- **Work order**:
In the material below, begin at the line that has "La paella más", stop after the line that has "Dollars 1923-S $1", and transcribe those lines exactly, without pictures.

________________

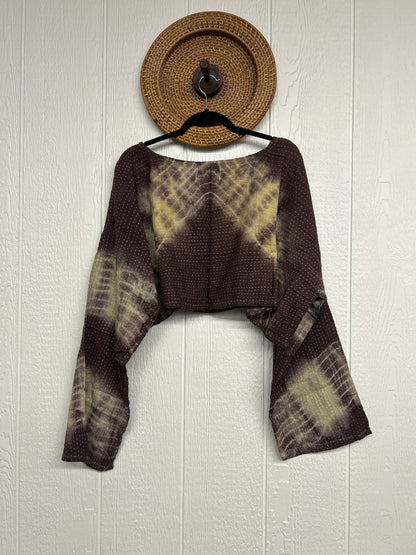 Pareo Kantha Abundance Crop Top 0526 022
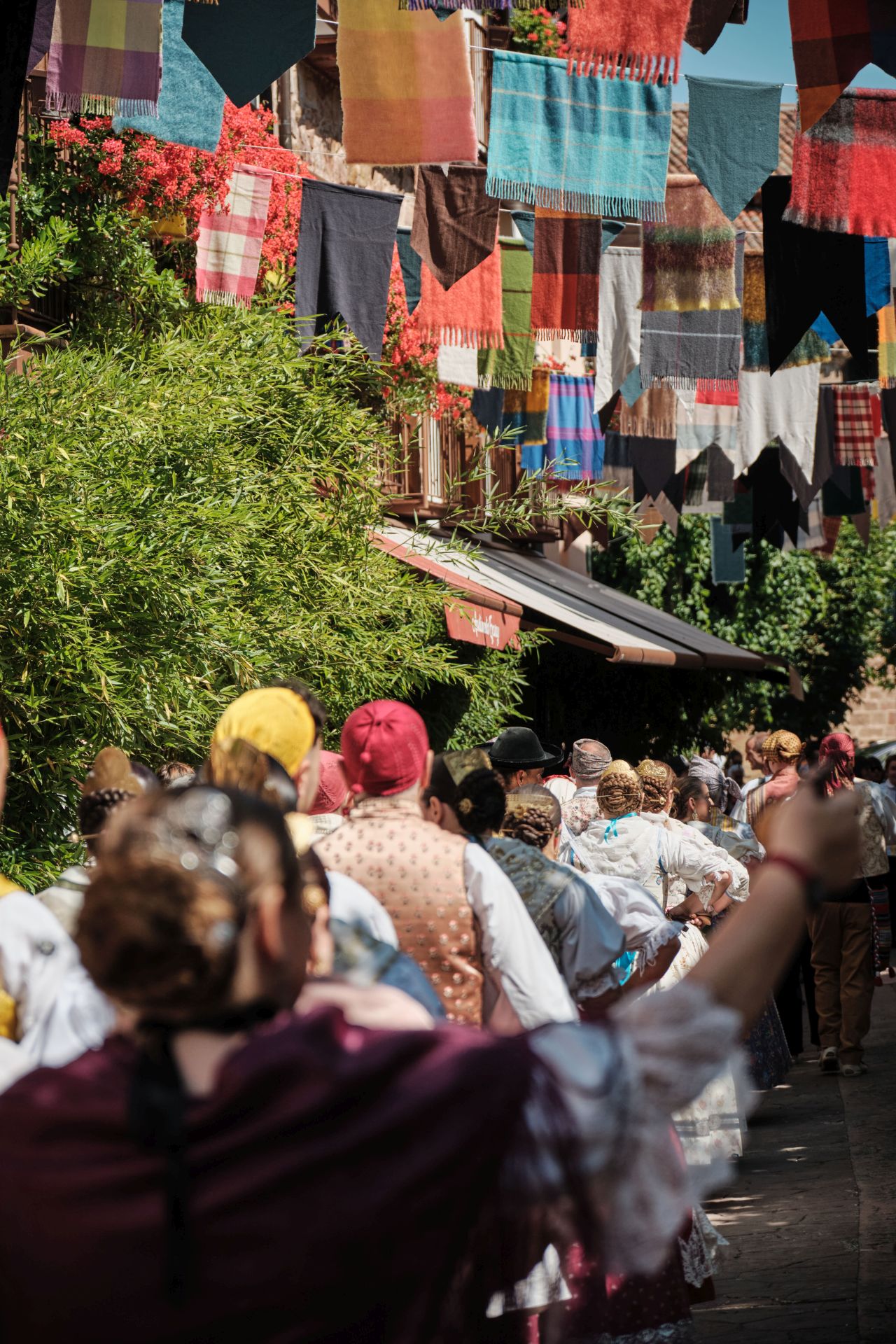 La paella más solidaria con la zona cero se cocina a 600 kilómetros de Valencia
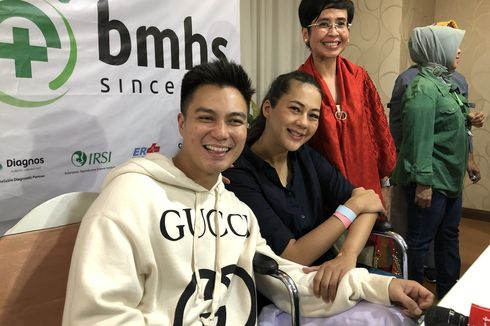 4 Reaksi Paula Verhoeven Ketika Baim Wong Tata Rambut Kiano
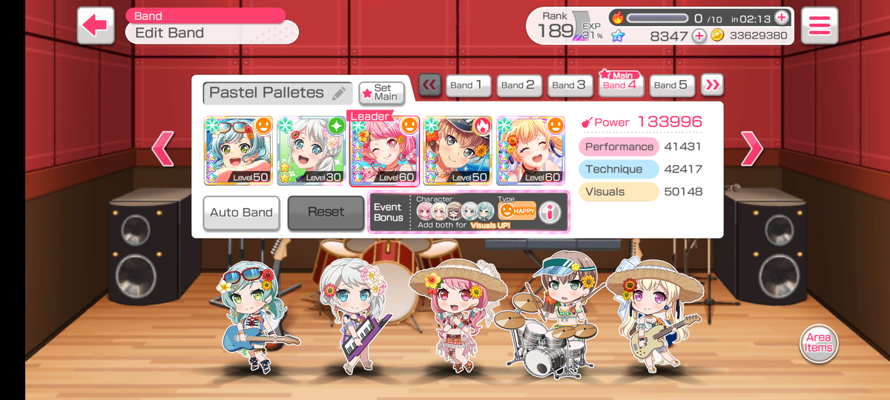 My first limited set and it's my most favorite set from Pastel Palletes!

Took me about:
  A year...
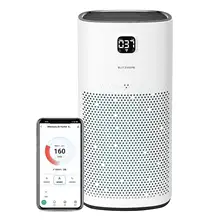 BlitzHome Air Purifier Smart WiFi PM2.5 Monitor H13 True HEPA Filter Quiet Cleaner Odor Eliminators With Google&Alexa Control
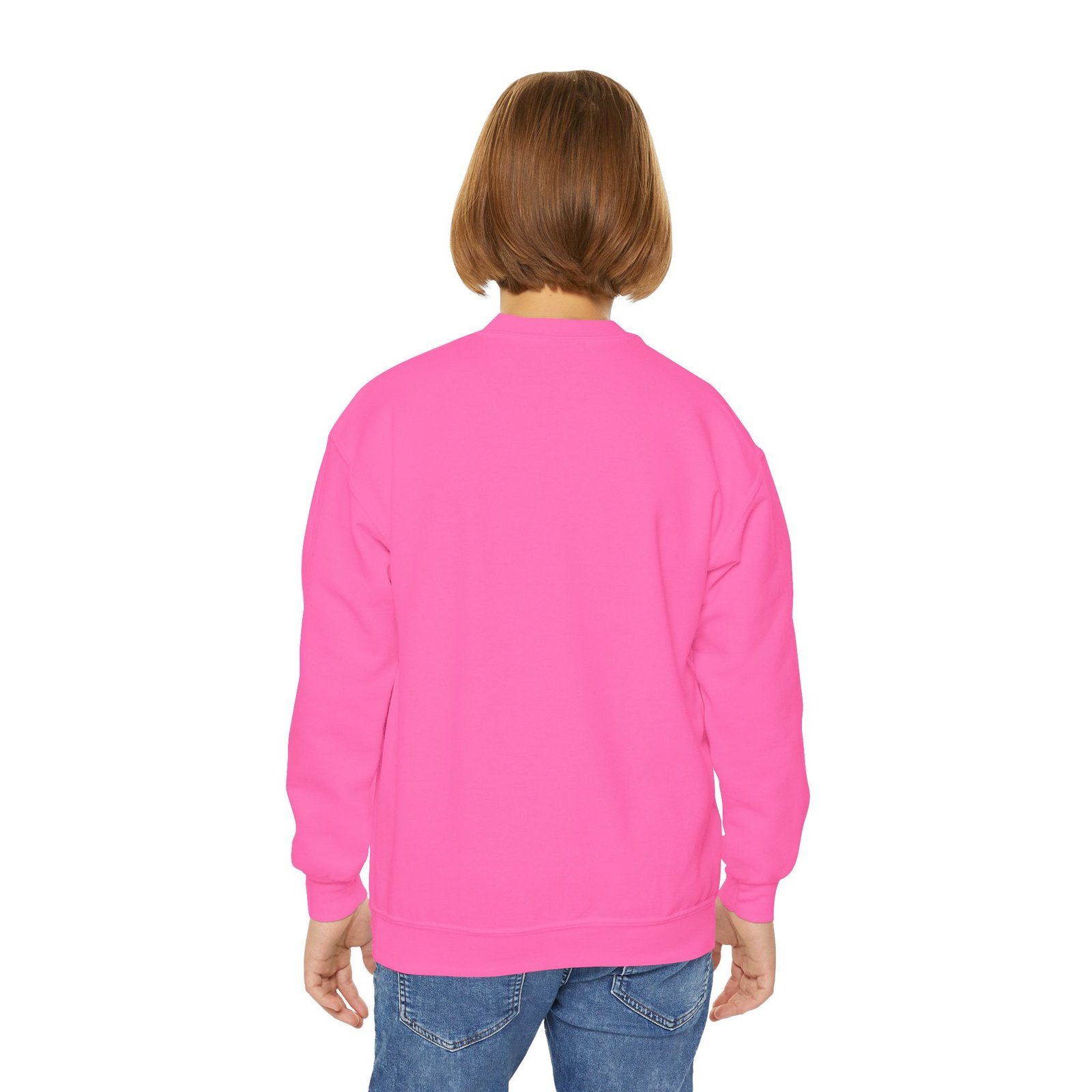 Youth Crewneck Sweatshirt for Adventurous Spirits | Cool Graphic Gear for Kids, Perfect for Casual Days, Birthdays, Holidays - Image 32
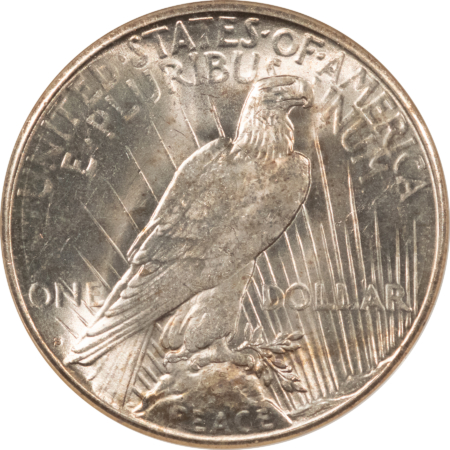 Dollars 1923-S $1 PEACE DOLLAR – NGC MS-63, FRESH & PREMIUM QUALITY!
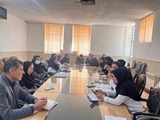دومین نشست کارگروه مدیریت بحران با حضور مهندس علیرضا شریفی برگزار شد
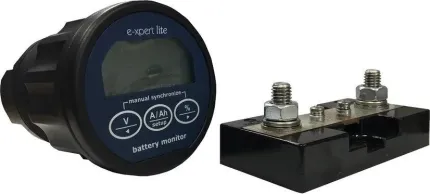 Contrôleur de batterie digital e-expert pro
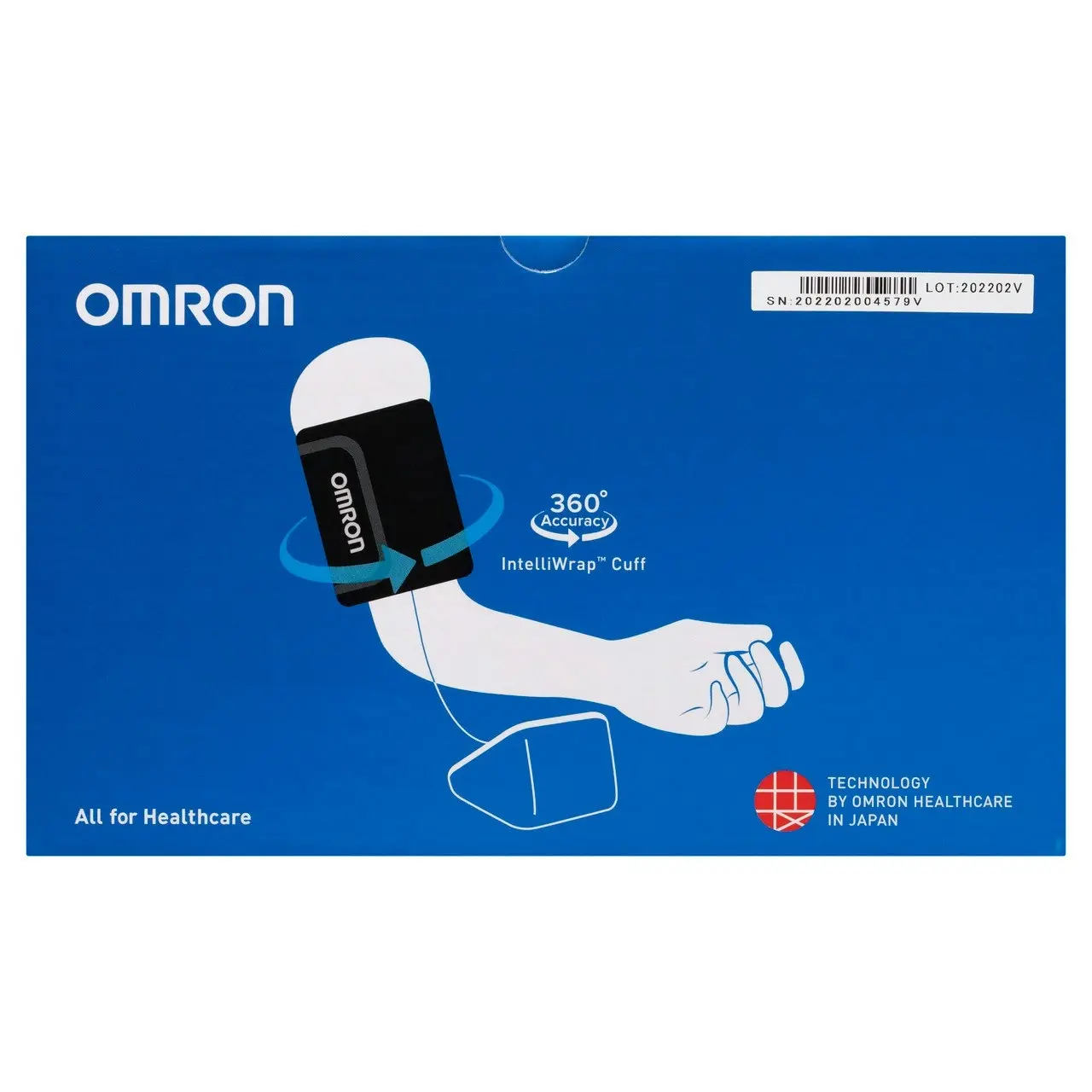 Omron HEM7156T Plus Blood Pressure Monitor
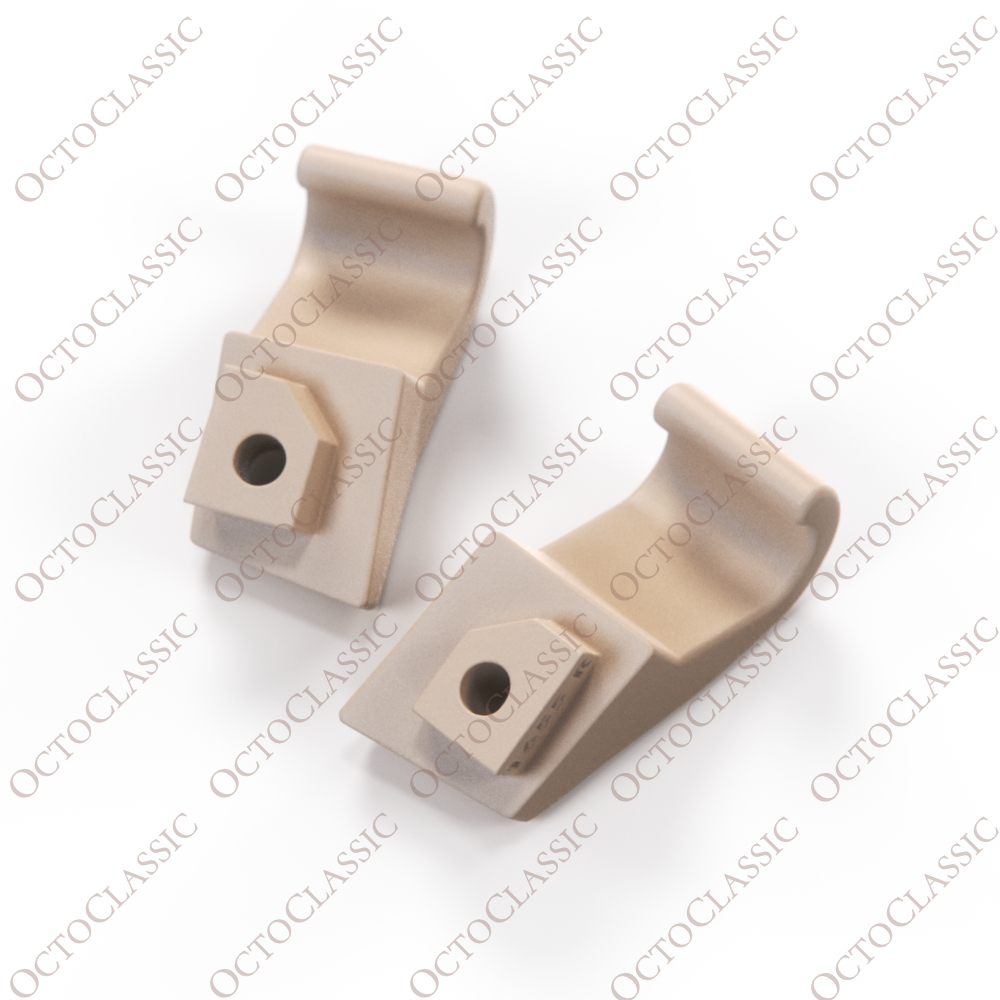 Mercedes W202 Set di ganci copribagagli da 2 colori A2028681314 Mercedes W202 Set di ganci copribagagli da 2 colori A2028681314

________________

- **Task output**:
 La paella más solidaria con la zona cero se cocina a 600 kilómetros de Valencia
 4 Reaksi Paula Verhoeven Ketika Baim Wong Tata Rambut Kiano
 My first limited set and it's my most favorite set from Pastel Palletes!

Took me about:
  A year...
 BlitzHome Air Purifier Smart WiFi PM2.5 Monitor H13 True HEPA Filter Quiet Cleaner Odor Eliminators With Google&Alexa Control
 Youth Crewneck Sweatshirt for Adventurous Spirits | Cool Graphic Gear for Kids, Perfect for Casual Days, Birthdays, Holidays - Image 32
 Dollars 1923-S $1 PEACE DOLLAR – NGC MS-63, FRESH & PREMIUM QUALITY!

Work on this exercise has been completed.